September 14, 1534 – August 22, 1581
Place of Birth: Chuna Mandi, Lahore, Punjab, Mughal Empire (Present day Pakistan)
Place of Death: Goindval, Mughal Empire (Present day India)

Guru Ram Das (ɡʊru ɾɑm dɑs; 1534–1581) was the fourth of the ten Gurus of Sikhism. He was born on 24 September 1534 in a poor Hindu family based in Lahore, part of what is now Pakistan. His birth name was Jetha, he was orphaned at age 7, and thereafter grew up with his maternal grandmother in a village.
At age 12, Bhai Jetha and his grandmother moved to Goindval, where they met Guru Amar Das. The boy thereafter accepted Amar Das as mentor and served him.

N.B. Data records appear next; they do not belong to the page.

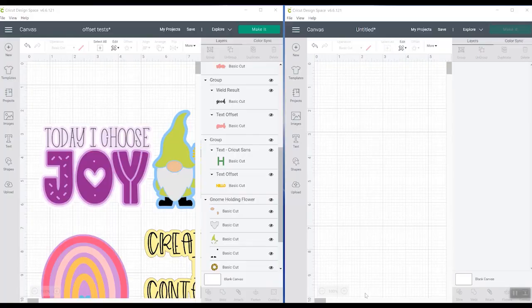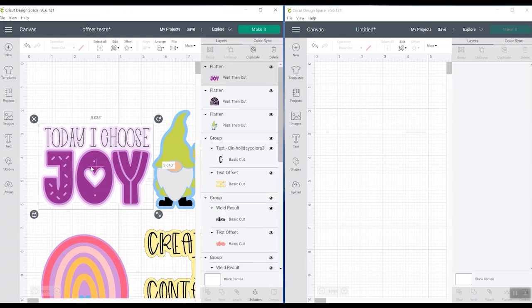As you will see, I have two windows of Cricut Design Space open. You can open two on your computer at any time. I have this one that I've been working on where I've been making some stickers, and then I have this one as a blank canvas. Let's say I wanted to move one of my stickers over to the blank canvas — I could do this a couple of different ways.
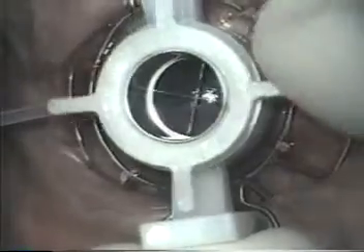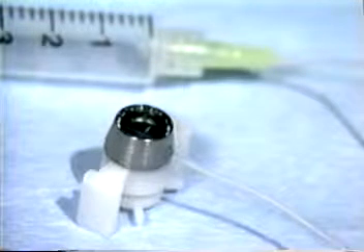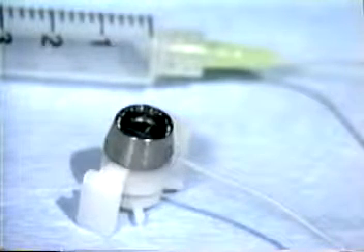For each spoke turned, the blade is lowered or raised six hundredths of a millimeter. The Barron radial vacuum trephine is available in diameters of six to nine millimeters in half millimeter increments.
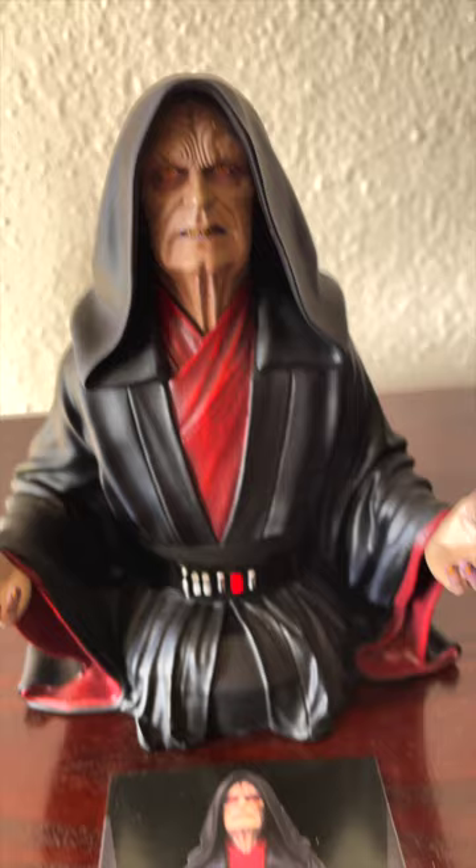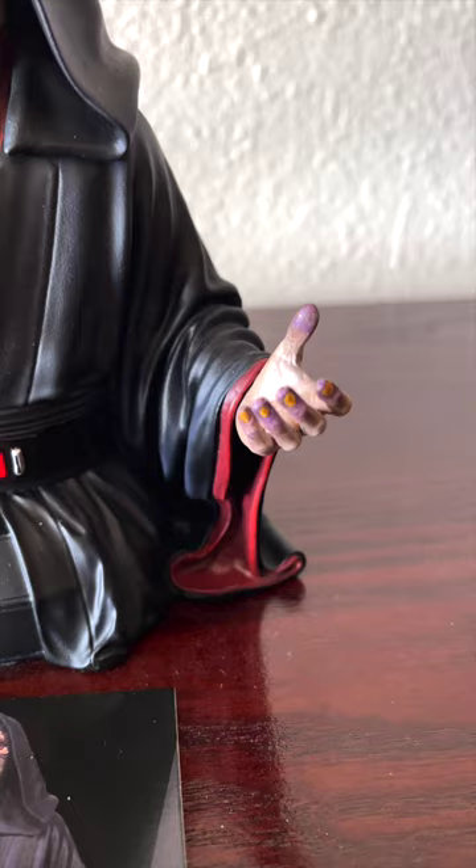He also looks like he's kind of emerging from whatever you set him on, and rolling his eyes about it. Like, he's coming out of my record player and he's rolling his eyes about it. I also love his hands — look at these colors: the yellow fingernails, the purple, ashy dust, like he's been making evil Easter eggs or eating Sith Doritos. It is beautiful, and evil, and mini.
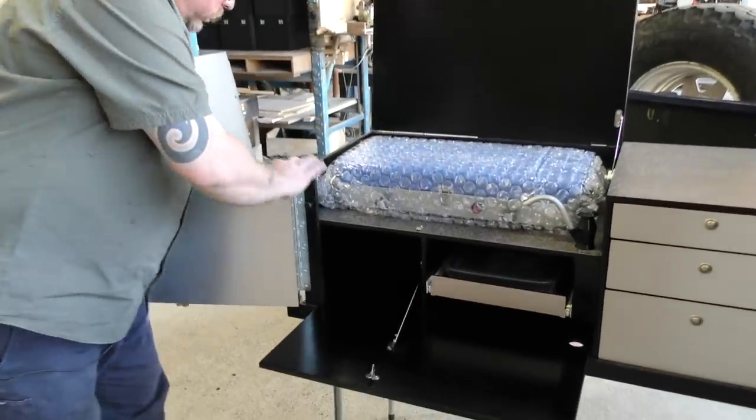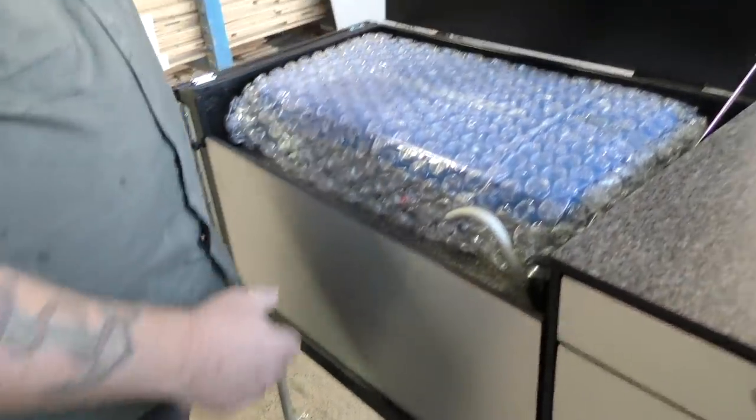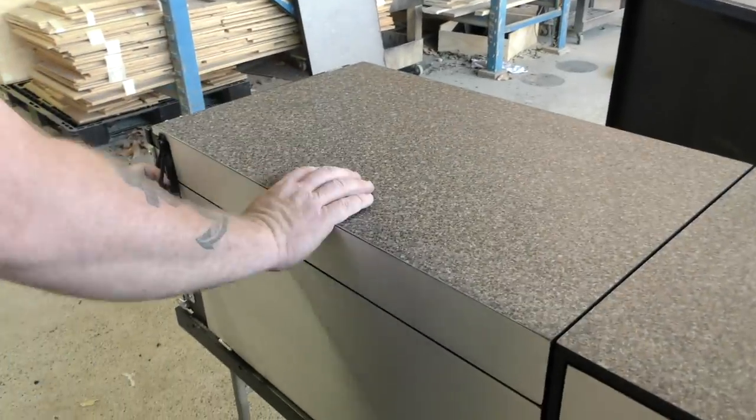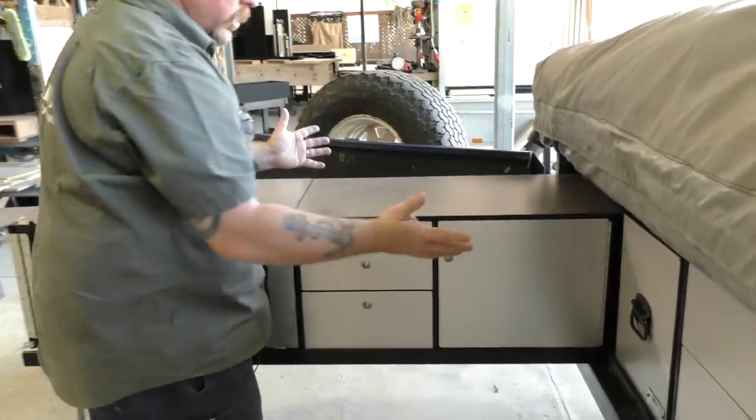Packing it away is the same — folding end down, strap it away, front comes up, lid comes down, strap that on and it's all packed away. Close the door and you're done.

The daughter of Amar Das married Bhai Jetha, and he thus became part of Amar Das's family. As with the first two Gurus of Sikhism, Guru Amar Das instead of choosing his own sons, chose Bhai Jetha as his successor and renamed him as Ram Das or "servant or slave of god ".
Ram Das became the Guru of Sikhism in 1574 and served as the Sikh leader until his death in 1581. He faced hostilities from the sons of Amar Das, shifted his official base to lands identified by Amar Das as Guru-ka-Chak. This newly founded town was eponymous Ramdaspur, later to evolve and get renamed as Amritsar – the holiest city of Sikhism. He is also remembered in the Sikh tradition for expanding the manji organization for clerical appointments and donation collections to theologically and economically support the Sikh movement. He appointed his own son as his successor, and unlike the first four Gurus who were not related through descent, the fifth through tenth Sikh Gurus were the direct descendants of Ram Das.